I am graduating! Finally, after a lengthy college career, I am finally walking the aisle and receiving my diploma. I don’t mean to be cliche, but I am ready to spread my wings and fly out into the world.
Because I “believe I can soar,” and “I see me running through that open door” — this is starting to sound familiar.
But I digress, when I first arrived at Penn state I was a shy young man. I didn’t know what I wanted to do with my life, much less my career. I began my first semester full of hope, full of pride, but I quickly realized that college was more difficult than I thought. I had mistaken the party culture for an easy experience that I could breeze through, no problem. But hitting the snooze button one too many times and missing one too many 8 a.m. Spanish classes my first semester became a nightmare hangover that would plague me through the rest of college.
After a few ups and downs, I was still not achieving academically as well as I could. Or so I thought.

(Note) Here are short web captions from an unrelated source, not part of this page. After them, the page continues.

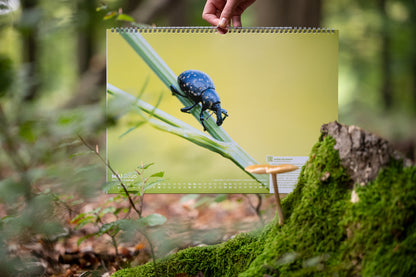 Forst erklärt Waldkalender 2026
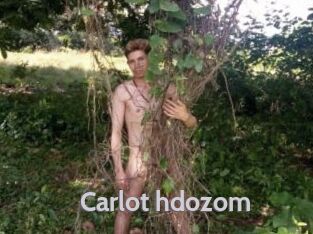 Carlot_hdozom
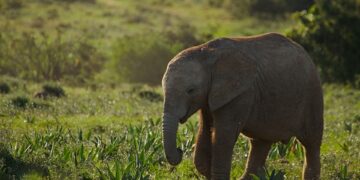 Elephant in the Eastern Cape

I decided to leave school for a time. I am from State College so I needed a change of pace and I moved to the Delaware shore for a year. It was some of the best times of my life. I got to relax and hang out at the beach for a time. But eventually, I realized that I had reached a dead-end in my life and I was simply treading water. I was going nowhere and I felt as if I had hit a glass ceiling. I soon realized that I had to return to school and get my degree in order to make myself into an industrious person. I enrolled in summer classes and did well. I still believe golf is a great class for anyone stuck in summer session.
That fall I began writing for The Daily Collegian, our wonderful Penn State publication.
Now, I am graduating college — college — a feat I didn’t think was possible. I am on pins and needles. My heart is pulsating from drinking unnecessary amounts of coffee. My toes are tingling, my hands are shaking and my brain is about to explode with excitement, pride, joy, happiness and relief.
That’s right, relief. Classes are fun, but if I analyze another comma splice or run-on sentence I will go crazy.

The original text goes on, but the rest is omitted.